What the scientists found was promising. EBT-001 was present in all major tissues of interest and successfully removed proviral DNA—the embedded viral genetic material—from key immune cells. Just as important, the treatment did this without harming healthy genes. One of the major concerns in gene-editing research is the potential for “off-target” effects, where unintended parts of the genome get altered, possibly triggering other health problems. But in this study, no such effects were detected. In terms of safety, the therapy was well-tolerated across all dose levels. There were no signs of organ damage, immune dysfunction, or systemic toxicity. Clinical observations even noted that the treated animals maintained or gained weight, suggesting no adverse metabolic or physical decline from the intervention.

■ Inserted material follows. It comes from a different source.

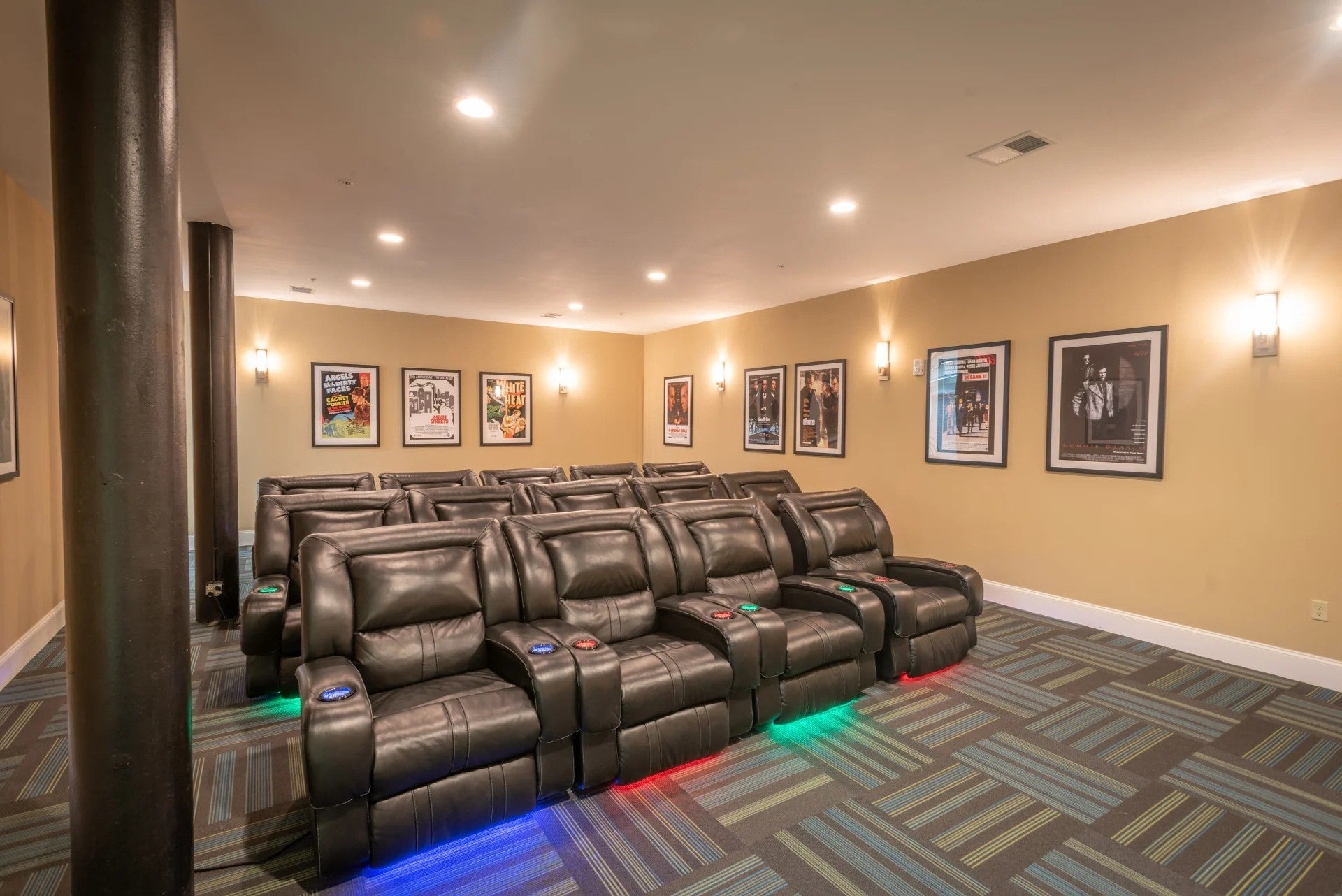 300 Canal Street 5-103, Lawrence, MA, 300 Canal Street 5-103, Lawrence, MA Photo #19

The fact that a single injection could circulate throughout the body, reach multiple reservoirs, and eliminate embedded viral DNA without collateral damage is what makes these findings significant. The distribution of the treatment was broad and uniform, and the results were consistent across different dosage levels, reinforcing the robustness of the delivery method. This was a critical milestone for Excision Biotherapeutics and Temple University researchers because it addressed the two biggest barriers to HIV cure research: accessing the virus where it hides and removing it without harming the host. These findings satisfied FDA requirements to move forward with human testing and set a precedent for how gene-editing strategies might be used not just to manage chronic viral infections, but to attempt their complete eradication.